#### Task to carry out
When you reach the line with "North Canton's new" in the listing below, transcribe it and each line after it up to and including the line with "10Pcs Instant Invisible", exactly and with nothing else.

#### Supplied material
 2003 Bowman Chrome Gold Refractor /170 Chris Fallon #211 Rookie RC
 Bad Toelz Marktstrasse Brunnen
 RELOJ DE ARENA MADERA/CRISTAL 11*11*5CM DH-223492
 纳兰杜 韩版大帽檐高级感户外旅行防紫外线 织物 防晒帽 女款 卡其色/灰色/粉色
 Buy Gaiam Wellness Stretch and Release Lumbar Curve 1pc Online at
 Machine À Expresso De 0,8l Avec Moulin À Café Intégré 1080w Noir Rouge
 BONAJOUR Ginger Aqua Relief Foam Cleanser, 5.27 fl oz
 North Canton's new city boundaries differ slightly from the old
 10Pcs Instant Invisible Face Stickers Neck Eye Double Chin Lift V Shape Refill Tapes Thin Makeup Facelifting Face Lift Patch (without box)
--
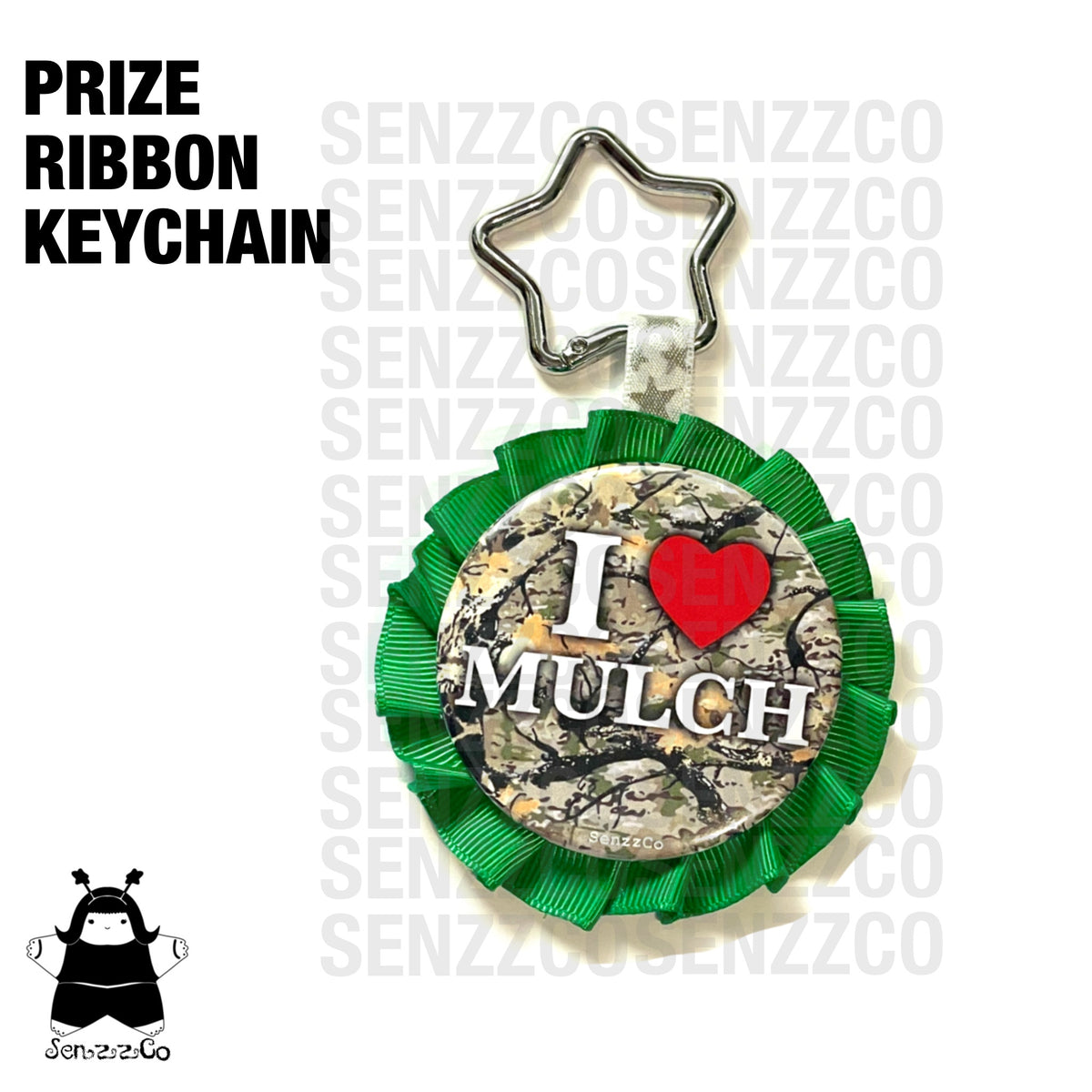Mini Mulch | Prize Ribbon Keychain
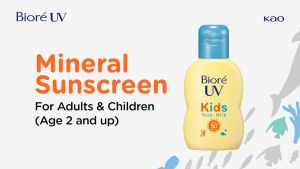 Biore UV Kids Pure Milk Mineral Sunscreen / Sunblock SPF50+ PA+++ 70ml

#### Solved problem
 North Canton's new city boundaries differ slightly from the old
 10Pcs Instant Invisible Face Stickers Neck Eye Double Chin Lift V Shape Refill Tapes Thin Makeup Facelifting Face Lift Patch (without box)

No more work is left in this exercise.